START EXTRACTED DATA
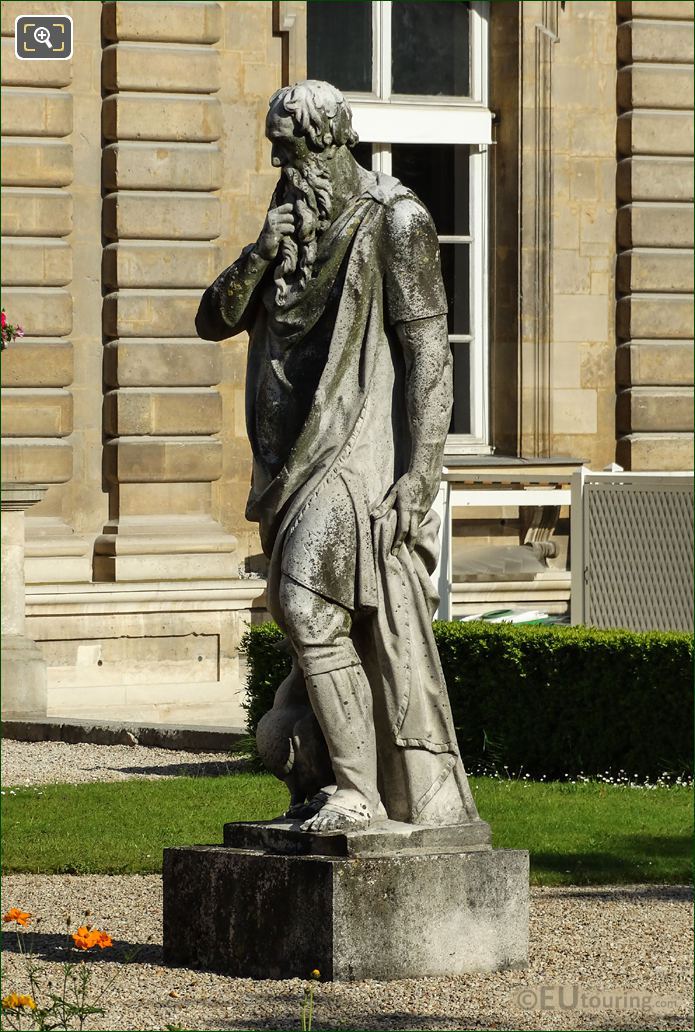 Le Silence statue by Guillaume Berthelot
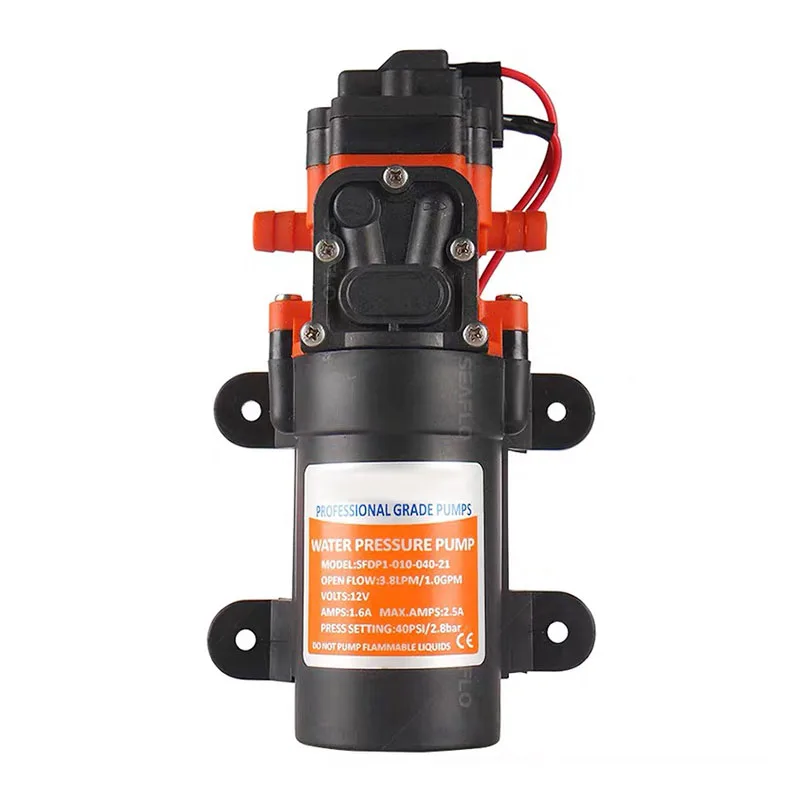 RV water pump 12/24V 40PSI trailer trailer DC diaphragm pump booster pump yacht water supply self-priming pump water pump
END EXTRACTED DATA
START EXTRACTED DATA
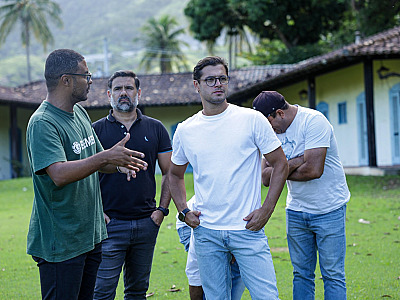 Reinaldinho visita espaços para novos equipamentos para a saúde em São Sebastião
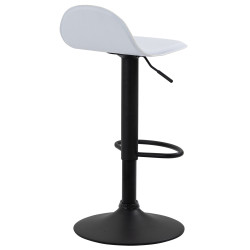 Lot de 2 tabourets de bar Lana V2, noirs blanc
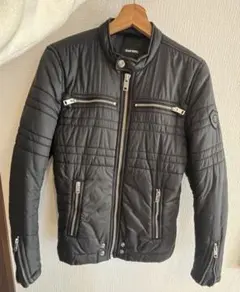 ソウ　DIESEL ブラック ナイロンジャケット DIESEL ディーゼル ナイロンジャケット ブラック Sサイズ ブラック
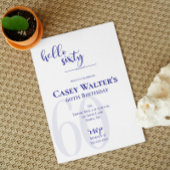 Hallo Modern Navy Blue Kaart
END EXTRACTED DATA
* **AIM OF THE EXERCISE**
The lines above from the line with "ソウ　DIESEL ブラック ナイロンジャケット" through the line with "Hallo Modern Navy Blue Kaart" are to be given again word for word, with no pictures among them.

* **EXPECTED ANSWER**
 ソウ　DIESEL ブラック ナイロンジャケット DIESEL ディーゼル ナイロンジャケット ブラック Sサイズ ブラック
 Hallo Modern Navy Blue Kaart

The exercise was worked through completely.